For the purposes of this study, each television show is understood and analyzed as a structured discourse, a system of knowledge and practice that represents sociocultural and material realities of society. In this way, these children’s shows function as competing systems, modelling for kids not only how to understand the police and their role in society, but also the value judgments that accompany such constructions (Kellner, 2011). For instance, “they” are helpers, which is good. “They” are safe and that we should trust them. “They” follow rules and that is important. This is not to deny viewers’ agency. Aligned with Fiske (1992), Hall (1980, 2005) and a panoply of other cultural theorists, I do not mean to construct people as simply passive consumers or “cultural dopes.” Instead, I acknowledge that viewers interpret and negotiate meanings they see on television through multiple lenses, which are mediated by multiple systems (parents, school, peers, to name a few). However, given the age range of viewers for the shows within this study (ages three through five), I argue that dominant meanings remain crucial in and tantamount to reproducing social realities. TV shows are an essential medium through which children learn about social values and mores and then internalize those for future behaviors.

Cartoons for kids

Cartoons remain the primary form of media that preschool-aged children consume, and cartoons continue to be one of the strongest influencers on their childhood (Soliman, 2015). Furthermore, television for preschoolers generally employs narrative storylines, which necessitate that the child participate in narrative comprehension. Such narrative comprehension stems from a complex sequence of processes that include the children’s interpretation of the information they are shown and building a cognitive representation of what happens in the story(Kendeou, et al., 2005).

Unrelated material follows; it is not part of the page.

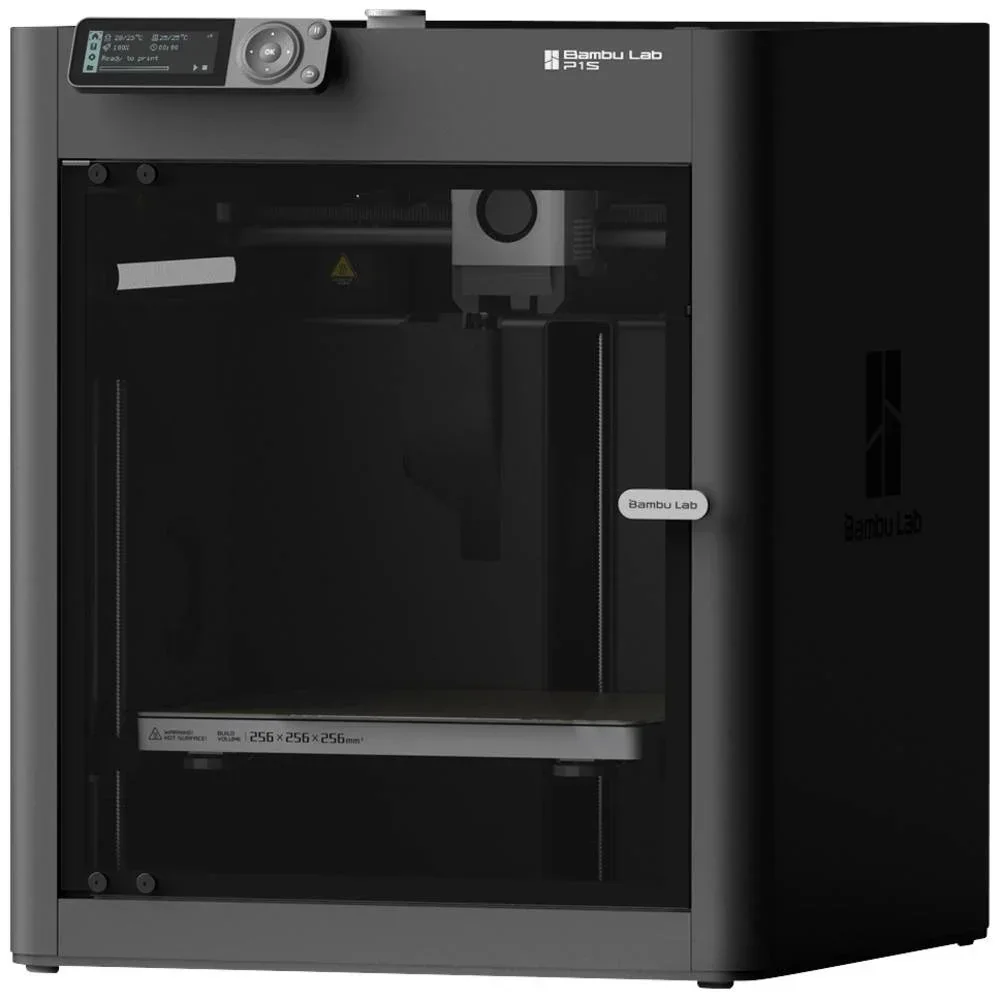 BambuLab P1S FDM 3D-Drucker mit Software und integrierter Kamera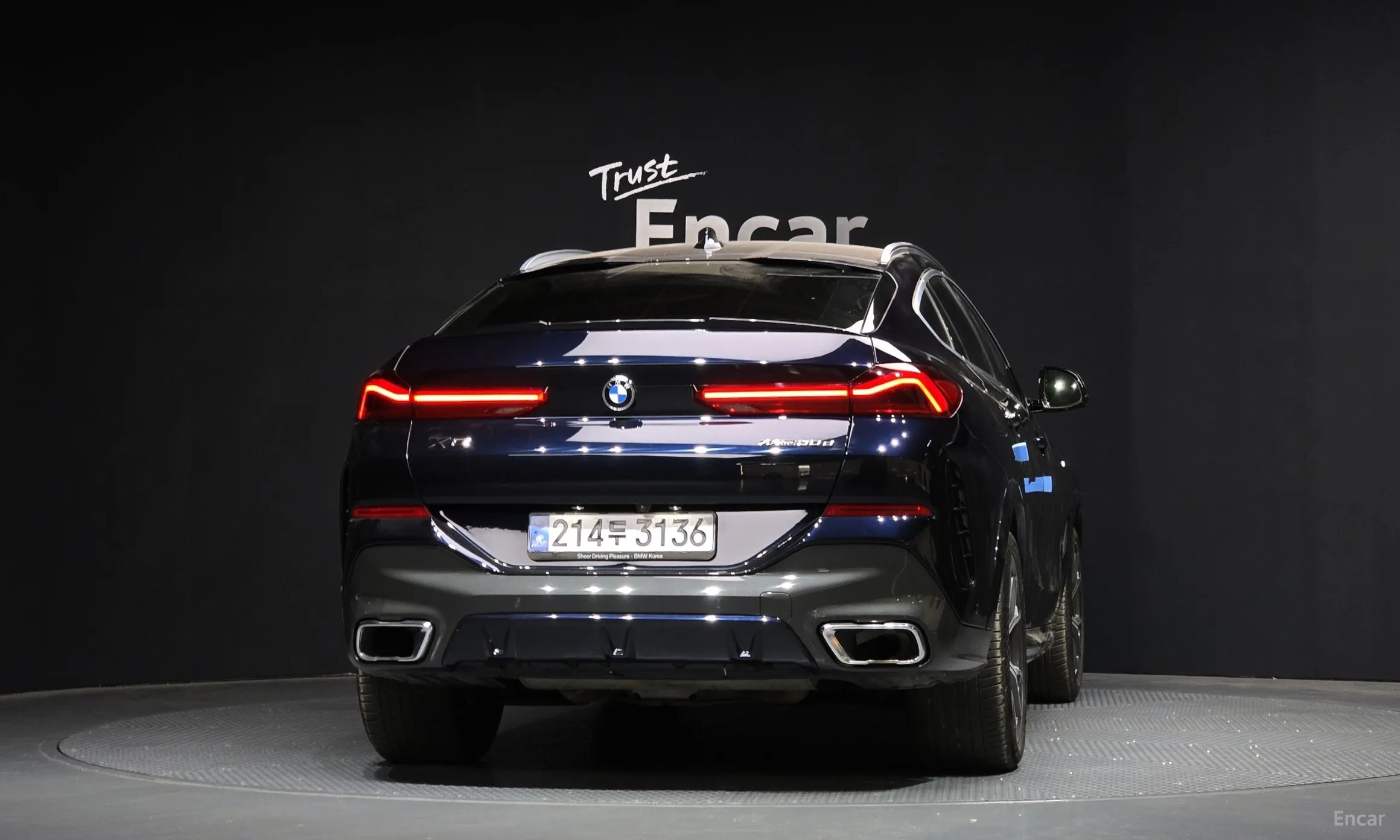 BMW X6 (G06) превью 3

However, in the past decade there’s been a dearth of contemporary content analysis research of animated programs. What has been found, primarily with research in 1970s to the early 2000s, is that the content of these shows is varied, and their effects distinctive. Much of the literature focuses on preschool prosocial content, such as Mister Rogers’ Neighborhood (Coates, Pusser & Goodman, 1976), Blue’s Clues (Anderson et al., 2000), Dragon Tales (Rust, 2001), Daniel Tiger’s Neighborhood (Rasmussen et al., 2016) and Sesame Street (Fisch, Truglio &Cole, 1999),which have all been shown to increase children’s positive interactions with others. However, many other studies have focused on the antisocial content in children’s cartoons, particularly physical violence and its link to real life increased aggression and violence (Anderson et al., 2003; Asghari et al., 2017; Dhar, 2019). Not only is physical violence often glorified in these shows, but also other antisocial behaviors. This includes making discriminatory or harmful comments to others, yelling at them, intimidating or scaring them, threatening their safety, vandalism, and lying, amongst other examples (Atabay, 2021; Klein & Shiffman, 2012). In these cartoons, and as part of this aggression, untrustworthy authority figures are often shown, along with villains and antagonists (Staben, 2018). This is particularly important given that preschoolers pay more attention to animated characters (Anderson, Alit, Lurch, & Levin, 1979) and over 90% of the top 30 programs children watch are cartoons (Vasquez, 2004).

Preschool-aged socio-emotional development

The preschool years, generally between ages three to five, are an essential time for the development of cognitive functions, as children move from a limited, egocentric view of the world to one that is more logical, realistic, and autonomous (Davies, 1999; Piaget, 1965). It is during these years that preschoolers are better able to develop and communicate their moral perspective and ideas, create more complex social relations, and gain a greater awareness about their environment, including their own interpretation of their social world (Davies, 1999). Research studies have shown that preschoolers can recognize the unfairness or wrongness of different transgressions, such as lying, name-calling, hitting, and stealing (Bierworth &Blumberg, 2010; Smetana et al., 1999; Smetana, Schlagman, & Adams, 1993; Weston & Turiel, 1980).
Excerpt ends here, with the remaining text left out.